* Dataset extract

------------------------------------------------------------------------

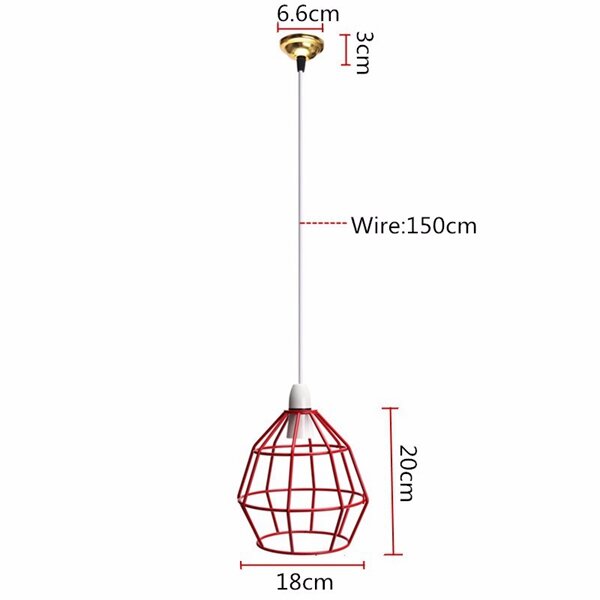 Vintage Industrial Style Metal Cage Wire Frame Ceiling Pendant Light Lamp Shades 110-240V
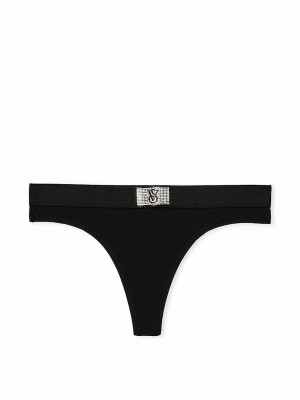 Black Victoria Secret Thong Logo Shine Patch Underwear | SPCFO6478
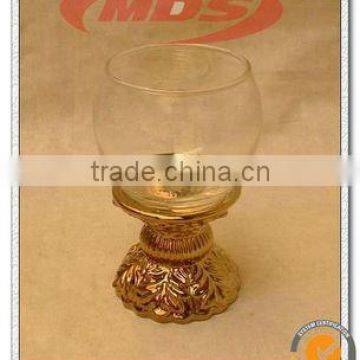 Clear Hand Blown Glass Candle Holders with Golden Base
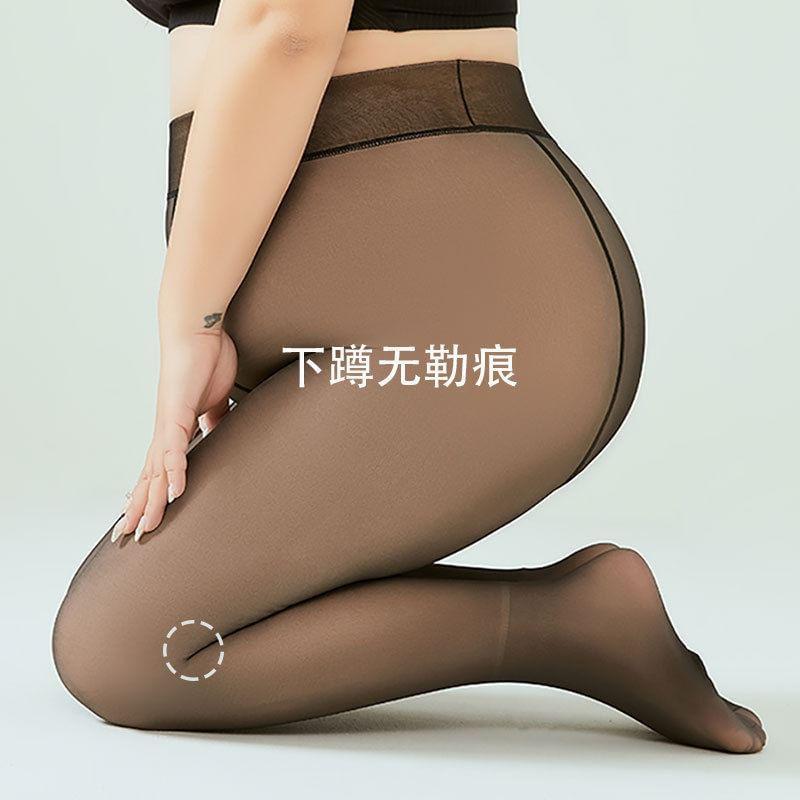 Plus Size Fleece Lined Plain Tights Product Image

------------------------------------------------------------------------

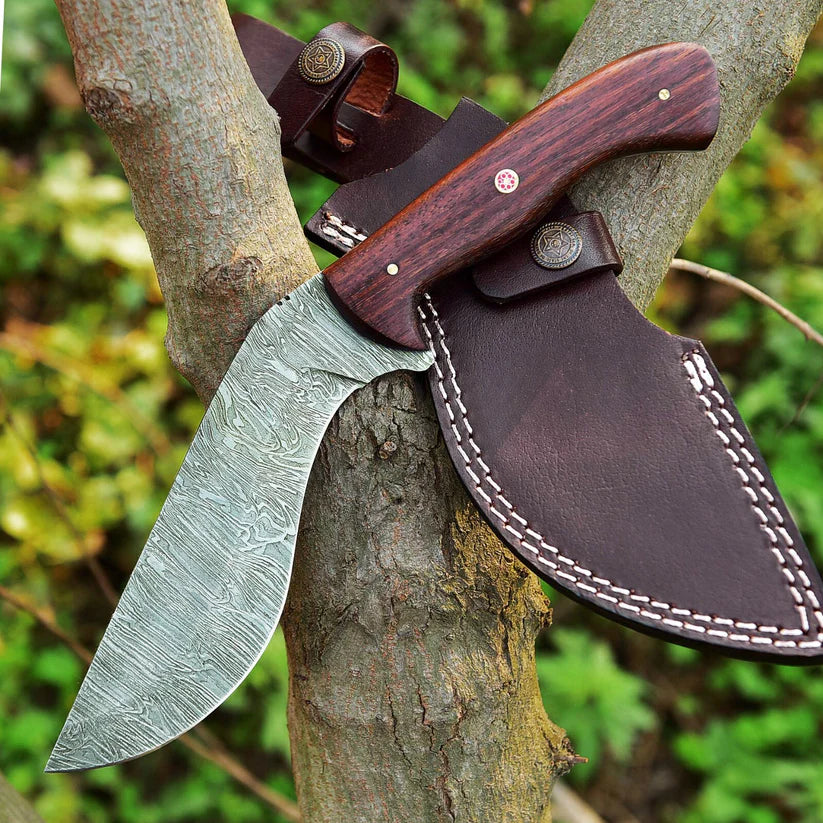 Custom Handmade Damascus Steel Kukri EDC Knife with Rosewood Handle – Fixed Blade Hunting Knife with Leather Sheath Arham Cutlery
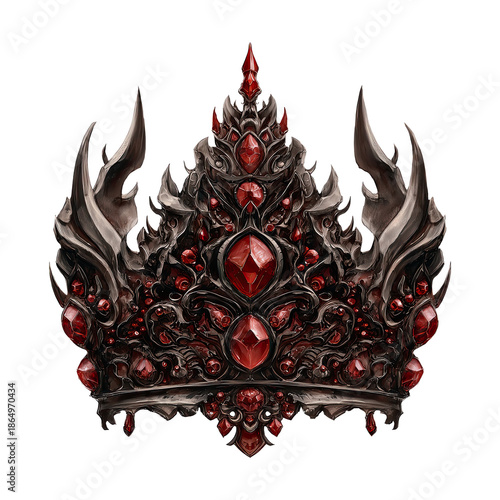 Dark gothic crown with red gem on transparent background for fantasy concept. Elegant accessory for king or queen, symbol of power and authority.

------------------------------------------------------------------------

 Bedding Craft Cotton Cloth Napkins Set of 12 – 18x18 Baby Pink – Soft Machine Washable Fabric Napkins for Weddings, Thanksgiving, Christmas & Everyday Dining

------------------------------------------------------------------------

* What to produce
When copying from the data above, print only the lines from the line containing "Black Victoria Secret" to the line containing "Plus Size Fleece", exactly, and leave the pictures out.

* Task solution
 Black Victoria Secret Thong Logo Shine Patch Underwear | SPCFO6478
 Clear Hand Blown Glass Candle Holders with Golden Base
 Plus Size Fleece Lined Plain Tights Product Image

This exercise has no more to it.